### Task brief
Return the line containing "Kiernan-shipka Nude Leaks" and all lines after it exactly; stop at the end of the material.
Given data Start Marker
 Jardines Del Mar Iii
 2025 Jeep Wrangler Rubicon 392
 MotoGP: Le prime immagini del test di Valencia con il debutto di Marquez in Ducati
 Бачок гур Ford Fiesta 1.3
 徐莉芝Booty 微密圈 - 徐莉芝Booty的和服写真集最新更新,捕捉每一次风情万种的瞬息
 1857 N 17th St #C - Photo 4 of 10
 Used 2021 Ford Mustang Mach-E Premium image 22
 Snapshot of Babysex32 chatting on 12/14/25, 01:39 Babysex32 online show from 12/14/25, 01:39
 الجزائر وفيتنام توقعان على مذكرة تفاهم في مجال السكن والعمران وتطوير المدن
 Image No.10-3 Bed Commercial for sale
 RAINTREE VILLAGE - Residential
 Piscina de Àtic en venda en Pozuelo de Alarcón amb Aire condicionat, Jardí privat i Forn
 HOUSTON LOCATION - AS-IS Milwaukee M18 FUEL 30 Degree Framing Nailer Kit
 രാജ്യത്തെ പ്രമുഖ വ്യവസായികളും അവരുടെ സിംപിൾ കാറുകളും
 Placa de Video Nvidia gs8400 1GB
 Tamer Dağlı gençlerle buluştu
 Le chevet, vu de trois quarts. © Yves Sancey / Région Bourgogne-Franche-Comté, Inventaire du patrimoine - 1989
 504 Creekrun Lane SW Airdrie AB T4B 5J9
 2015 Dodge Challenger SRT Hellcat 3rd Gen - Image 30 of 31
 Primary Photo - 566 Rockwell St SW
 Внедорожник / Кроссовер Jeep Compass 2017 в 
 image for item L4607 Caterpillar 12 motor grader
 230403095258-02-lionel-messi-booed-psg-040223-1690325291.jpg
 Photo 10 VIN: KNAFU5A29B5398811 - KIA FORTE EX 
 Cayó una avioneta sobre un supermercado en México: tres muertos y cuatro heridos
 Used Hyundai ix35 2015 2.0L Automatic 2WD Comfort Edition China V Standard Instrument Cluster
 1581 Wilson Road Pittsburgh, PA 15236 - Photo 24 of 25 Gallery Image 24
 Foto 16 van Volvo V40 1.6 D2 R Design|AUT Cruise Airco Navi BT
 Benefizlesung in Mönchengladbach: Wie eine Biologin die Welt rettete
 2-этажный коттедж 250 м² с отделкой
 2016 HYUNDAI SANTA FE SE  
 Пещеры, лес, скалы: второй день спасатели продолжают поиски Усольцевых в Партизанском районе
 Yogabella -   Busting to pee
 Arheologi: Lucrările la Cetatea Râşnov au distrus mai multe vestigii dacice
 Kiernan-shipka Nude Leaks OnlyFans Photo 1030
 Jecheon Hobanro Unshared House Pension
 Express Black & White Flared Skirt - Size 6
Given data End Marker
### Task response
 Kiernan-shipka Nude Leaks OnlyFans Photo 1030
 Jecheon Hobanro Unshared House Pension
 Express Black & White Flared Skirt - Size 6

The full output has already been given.